Rachel Caine – eine hierzulande noch viel zu unbekannte Autorin
Über Rachel Caine bin ich leider viel zu spät gestolpert. Dabei war die 2020 verstorbene Autorin ein wahres Kraftwerk der fantastischen Literatur: Mehr als 56 Bücher hat sie in verschiedenen Genres veröffentlicht – nach und nach erscheinen immer mehr ihrer Bücher jetzt auch in deutscher Ausgabe. Dass der HEYNE Verlag für die Übersetzung die Originalcover der Young Adult Sci-Fi-Reihe um die magische Bibliothek von Alexandria* mehr oder weniger unverändert einkaufen wollte und konnte, hat mich dabei sehr gefreut. Sie wirken auf das richtige Maß düster-dystopisch und magisch-geheimnisvoll.

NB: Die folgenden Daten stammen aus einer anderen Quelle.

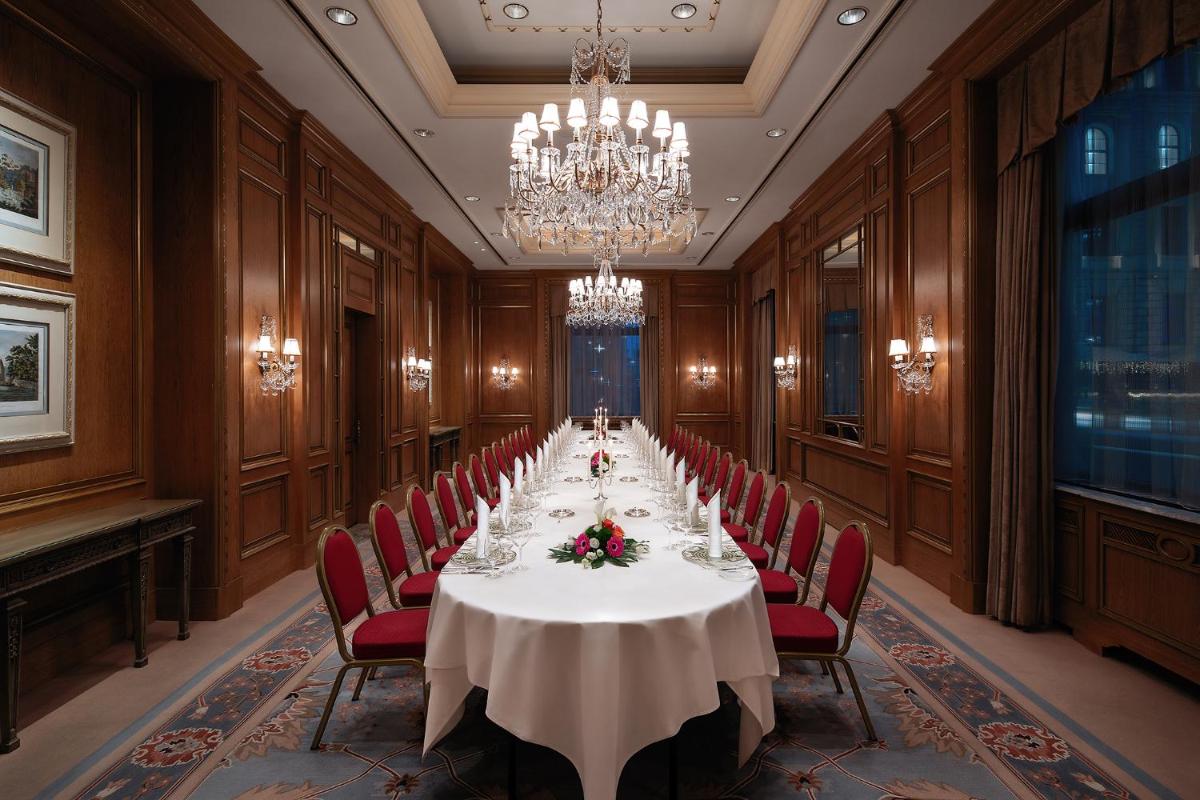 Regent Berlin by IHG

Und noch etwas ist großartig an dieser Reihe: Sie ist das perfekte Einstiegsfutter für all jene, die kein Science Fiction lesen, weil sie dabei ausschließlich an Star Wars und Dune denken. Und während beide Sagen grandios sind, bilden sie eben nur einen Bruchteil des Genres ab. Tinte und Knochen*, der Auftaktband der fünfteiligen Reihe, bietet einen gänzlich anderen Einstieg in das Genre und zeigt, dass die Unterteilung in klassische Fantasy, Dystopie und Science Fiction mitunter ziemlich schwierig ist. Oder anders gefragt: Ist es Magie oder doch Technik?
Wie weit gehst du, um Wissen zu schützen?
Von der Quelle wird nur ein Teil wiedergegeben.